As we see from the above list of preventive measures, the development and implementation of many of them is within the competence of lawyers practicing in the areas of corporate and business protection. A worthy response to a raider attack is also impossible without legal support with the correct use of the possibilities of registrars, the Commission for the processing of complaints in the field of state registration, the Council of the Business Ombudsman, law enforcement agencies, courts, etc.

What are the peculiarities and problems of cooperation with various bodies in the process of repelling a raider attack?

In my practice, the most effective (at least fast) way to cancel an illegal registration act was to apply directly to registrar who conducted it.

Sometimes, under the threat of liability, the registrars agree to “cancel” conducted actions themselves. Technically, they have such an opportunity. But in such case it is important not to fall into the trap, since the registrar does not entitled to cancel his registration act, he can only correct the misspelling.

In practice, there are cases when the Commission   for the processing of complaints in the Field of State Registration or the courts found it unlawful / canceled the actions / decisions of the registrar concerning canceling of their registration action / decision, “legitimizing” in such way the initial illegal registration action / decision.

The  Commission  for the processing of complaints in the field of state registration, unlike the courts, does not tend to unify the practice, and therefore it is extremely difficult to predict the results / terms of the consideration of the complaint. The conditions for applying to the Commission (except for formal ones) are violations  of the state registration procedure the registrar, in the absence of: a court dispute (decision) between the same parties, on the same subject, for the same reasons; a dispute regarding property; re-registration of property law. However, there is a practice of complaints сonsideration without observance these conditions. Also, there are quite paradoxical decisions, for example, a complaint filed by an improper subject is partially satisfied, etc.

Another “oddity” is that the decision on the results of the complaint consideration is formalized by order of the Deputy Minister of Justice, which does not outline the reasons for the decision. The Signatory of the Order is not a member of the Commission. The motives are indicated in the conclusion of the Commission, which is not sent to the complainant. He can be requested in a separate request. An outside observer can assume that such system was created with the aim of “eroding” the responsibility for making decisions on complaints and complicating further appeals.

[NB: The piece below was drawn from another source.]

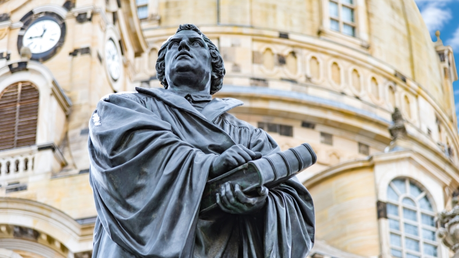 Martin-Luther-Denkmal in Dresden / © stocktech78 (shutterstock)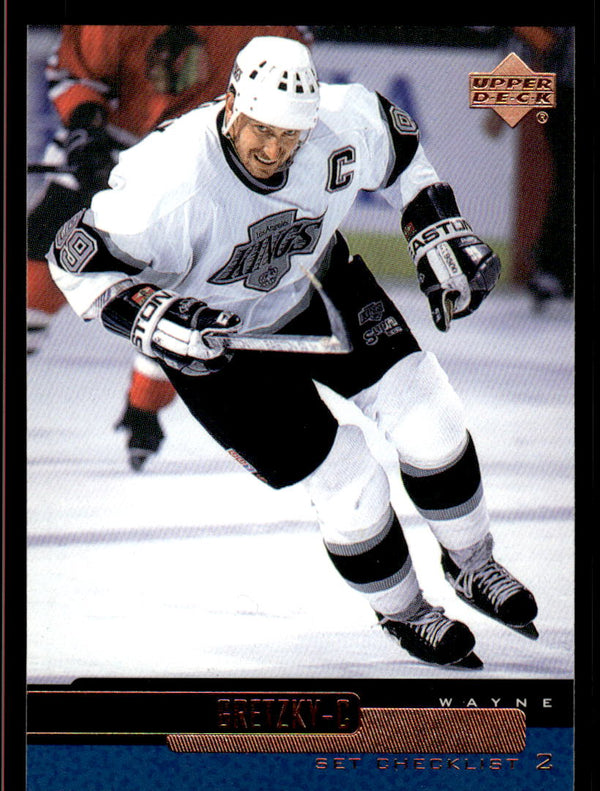 1999 UPPER DECK WAYNE GRETZKY 135 MINT HOCKEY LOS ANGELES KINGS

An extremely important institution in the process of repelling a raider seizure is the Council of Business Ombudsman. Having predominantly consulting and advisory authority, the Council of the Business Ombudsman, however, forces the state bodies to fulfill their direct responsibilities. For example, there is nothing can’t be done without such an additional “motivator” in cooperation with law enforcement agencies. An important condition for cooperation with the Council of the Business Ombudsman is the maximum involvement of the applicant in the process: you must do everything possible to protect your rights and, if it does not work, apply to the Business Ombudsman.

It is a mistake to believe that a petition for committed criminal act will launch (as it is prescribed by law) an inevitable independent mechanism for the criminal prosecution of your oppressors. Most likely, you will have to apply to the Investigating Judge even for registration of criminal proceedings. However, the widespread passivity of law enforcement bodies does not mean that you should not apply to them. Criminal proceedings can be an important (but preferably not the only) tool in protecting the business, providing opportunities: legal pressure on opponents, alternative (sometimes more effective) evidence gathering (as well as to ensure law proceeding ), breaking into the premises, encumbrance of disputed property in order to ensure criminal proceedings.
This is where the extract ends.